Data to examine:

Start of Block

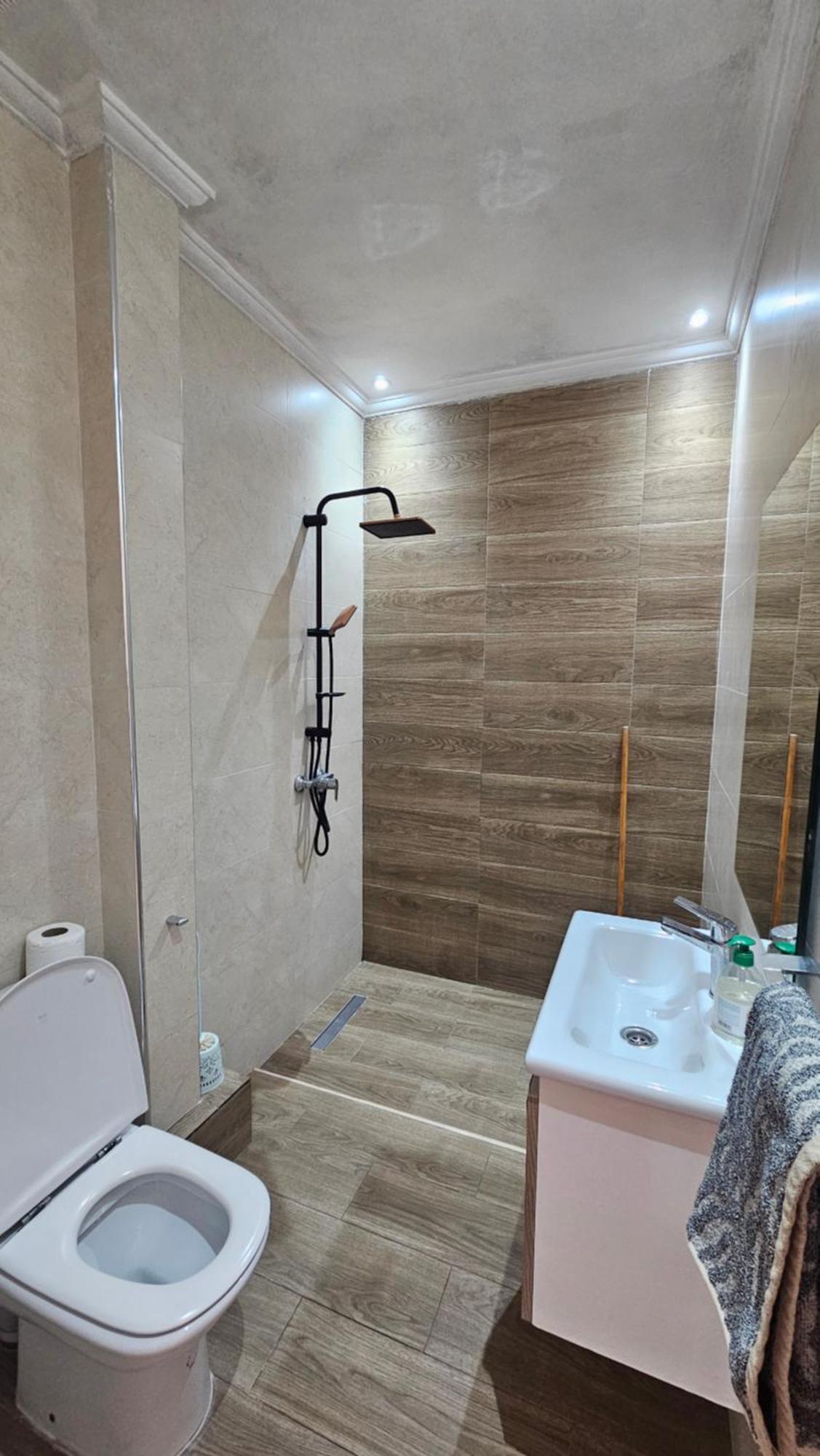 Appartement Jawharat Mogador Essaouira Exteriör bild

End of Block
Start of Block

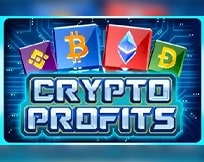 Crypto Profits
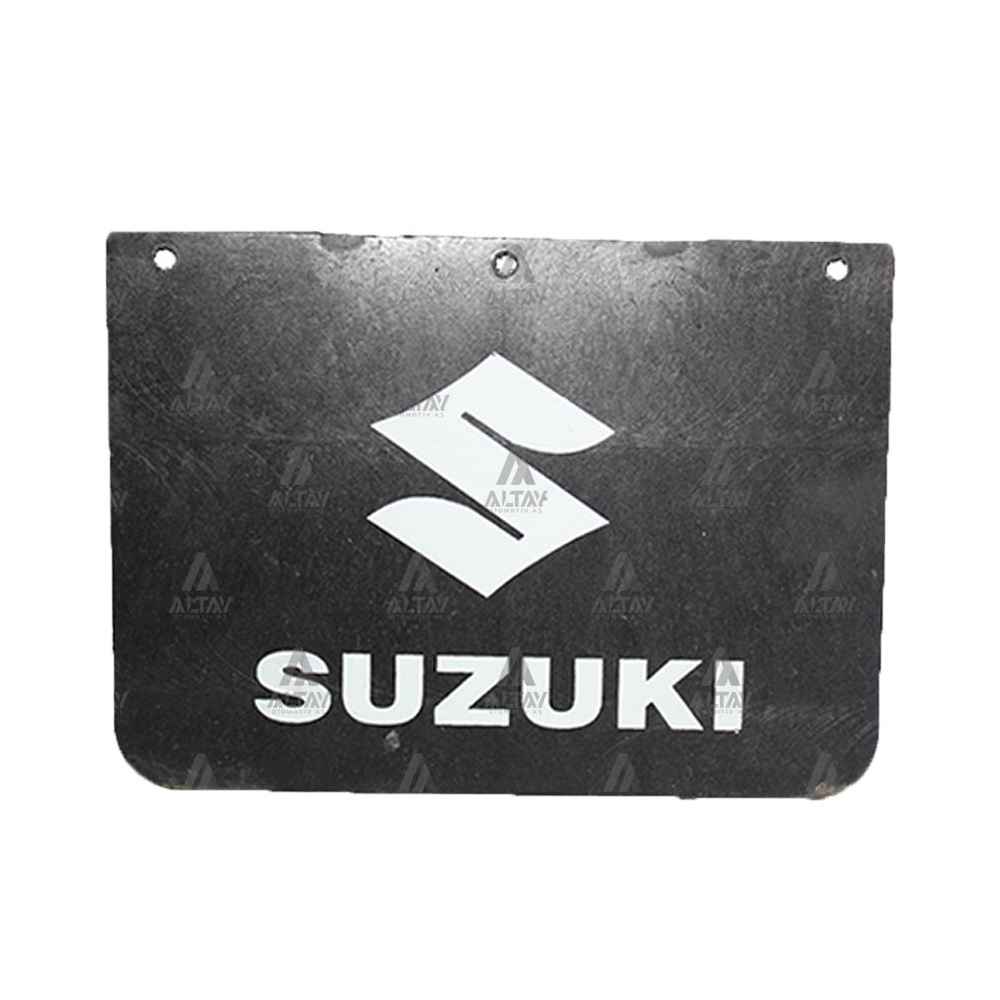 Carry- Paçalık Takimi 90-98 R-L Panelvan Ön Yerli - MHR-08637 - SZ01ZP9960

End of Block

What is being asked:
All lines above starting at the one with "Crypto Profits" and ending at the one with "Carry- Paçalık Takimi", inclusive, are to be printed again exactly, with the pictures left out.

Your solution:
 Crypto Profits
 Carry- Paçalık Takimi 90-98 R-L Panelvan Ön Yerli - MHR-08637 - SZ01ZP9960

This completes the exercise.